Dragan Andric was born in 1956 in Konjic, in Bosnia Herzegovina.
A lecturer, activist, poet and musician, he always fought for human dignity, trying in all ways to help those in need.
During the bloody Serb-Bosnian war of the 1990s he placed himself at the service of those who had been unfairly hounded from their own homes. For months he searched for the fugitives spread all over Herzegovina, refugees who had little chance of survival and he rescued scores of civilians who had been captured and already sentenced to death.
In her book Good People in an Evil Time, in the episode entitled “The Little Fly” Svetlana Broz describes how Dragan rescued a mixed Serb-Muslim family.
After the war Andric struggled relentlessly to find those responsible for ethnic cleansing in Bosnian society.
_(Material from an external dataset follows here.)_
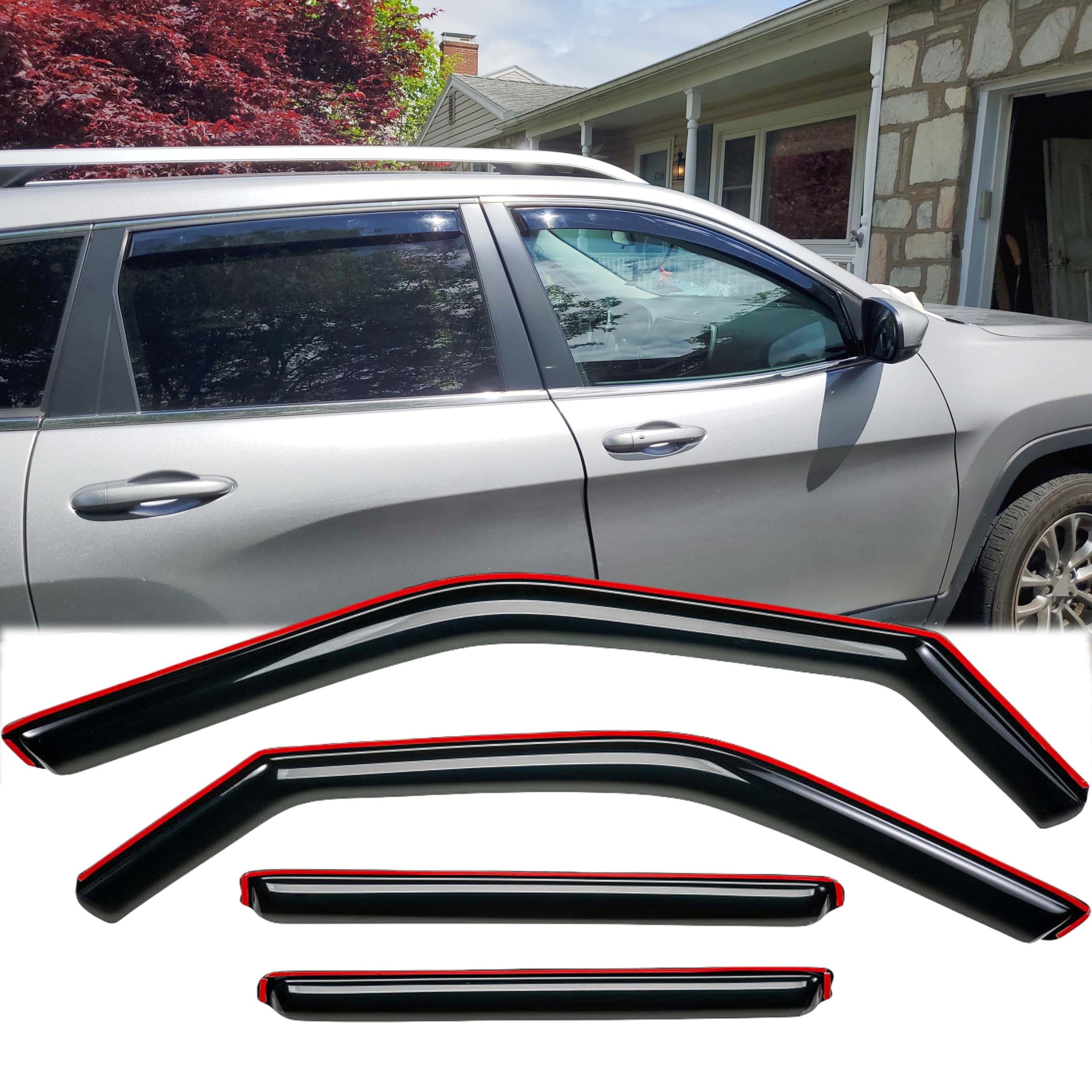 Photo 1 of Puermto Rainproof Side Window Wind Deflectors for Ford Fiesta 2009-2019 4D SEDAN/5D HTB, in-Channel Sun Rain Guard Sets,Nice Window Visors for Cars,Vent Deflector for Ford Fiesta 09-19 94547-IN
Up until his death, he worked as an inspector in the secret services tasked with gathering information about war criminals Karadžic and Mladic and about the other leaders of organized crime in Bosnia and Herzegovina.
In 2004, aged just 48, Dragan Andric was found dead in Sarajevo, struck down by a brain haemorrhage caused by a sudden, and entirely unexpected, rise in blood pressure. The suspicion is that he was poisoned to remove a dangerous enemy of ethnic cleansing and its infamous perpetrators.
In 2008 GARIWO SARAJEVO posthumously awarded him the "Dusko Kondor" prize for his courageous work in defence of civil coexistence.
Gardens that honour Dragan Andric
Dragan Andric is honoured in the Garden of Padua.